┌────────

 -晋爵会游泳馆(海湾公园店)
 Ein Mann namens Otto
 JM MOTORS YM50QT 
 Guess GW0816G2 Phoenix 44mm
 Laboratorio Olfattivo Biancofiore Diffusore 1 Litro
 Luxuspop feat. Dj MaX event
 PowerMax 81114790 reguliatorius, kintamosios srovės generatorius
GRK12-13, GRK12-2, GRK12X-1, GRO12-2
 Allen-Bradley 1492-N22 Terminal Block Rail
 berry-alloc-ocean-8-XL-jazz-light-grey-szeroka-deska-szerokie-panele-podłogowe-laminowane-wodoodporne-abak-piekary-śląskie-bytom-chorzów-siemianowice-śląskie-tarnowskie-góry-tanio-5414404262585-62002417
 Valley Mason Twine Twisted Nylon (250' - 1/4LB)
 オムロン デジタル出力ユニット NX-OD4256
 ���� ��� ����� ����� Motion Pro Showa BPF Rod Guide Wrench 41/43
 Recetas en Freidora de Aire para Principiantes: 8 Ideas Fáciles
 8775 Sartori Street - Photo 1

└────────
┌────────

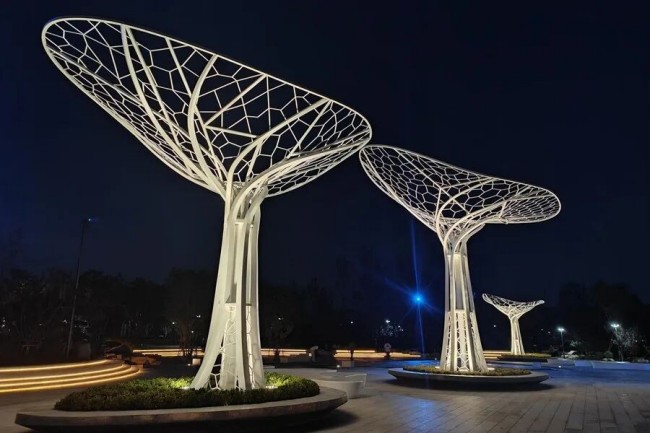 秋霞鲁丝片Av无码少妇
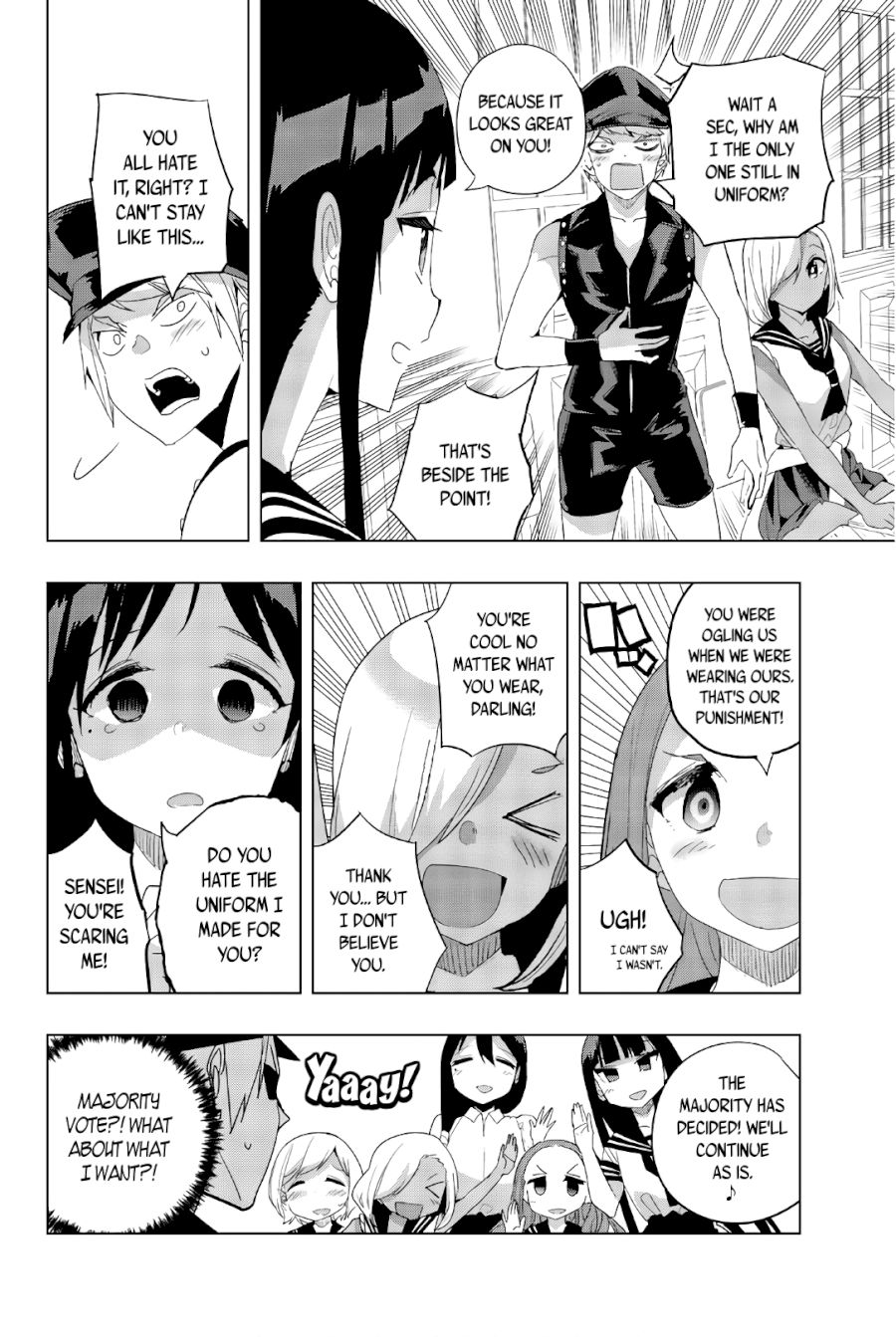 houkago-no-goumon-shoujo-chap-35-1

└────────
┌────────

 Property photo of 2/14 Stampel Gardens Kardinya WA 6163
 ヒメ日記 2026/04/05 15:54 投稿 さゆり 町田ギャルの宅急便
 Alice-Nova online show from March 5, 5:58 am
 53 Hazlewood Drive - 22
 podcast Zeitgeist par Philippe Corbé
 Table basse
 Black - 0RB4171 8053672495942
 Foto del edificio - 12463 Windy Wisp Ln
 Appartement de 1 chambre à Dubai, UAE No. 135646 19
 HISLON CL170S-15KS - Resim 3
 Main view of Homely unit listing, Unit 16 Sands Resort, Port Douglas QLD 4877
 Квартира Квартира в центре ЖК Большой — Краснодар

└────────

▸ PROBLEM DESCRIPTION: The required answer is the exact run of lines above starting at the line with "Guess GW0816G2 Phoenix 44mm" and ending at the line with "8775 Sartori Street - Photo 1", with both ends present.

▸ EXPECTED OUTPUT:
 Guess GW0816G2 Phoenix 44mm
 Laboratorio Olfattivo Biancofiore Diffusore 1 Litro
 Luxuspop feat. Dj MaX event
 PowerMax 81114790 reguliatorius, kintamosios srovės generatorius
GRK12-13, GRK12-2, GRK12X-1, GRO12-2
 Allen-Bradley 1492-N22 Terminal Block Rail
 berry-alloc-ocean-8-XL-jazz-light-grey-szeroka-deska-szerokie-panele-podłogowe-laminowane-wodoodporne-abak-piekary-śląskie-bytom-chorzów-siemianowice-śląskie-tarnowskie-góry-tanio-5414404262585-62002417
 Valley Mason Twine Twisted Nylon (250' - 1/4LB)
 オムロン デジタル出力ユニット NX-OD4256
 ���� ��� ����� ����� Motion Pro Showa BPF Rod Guide Wrench 41/43
 Recetas en Freidora de Aire para Principiantes: 8 Ideas Fáciles
 8775 Sartori Street - Photo 1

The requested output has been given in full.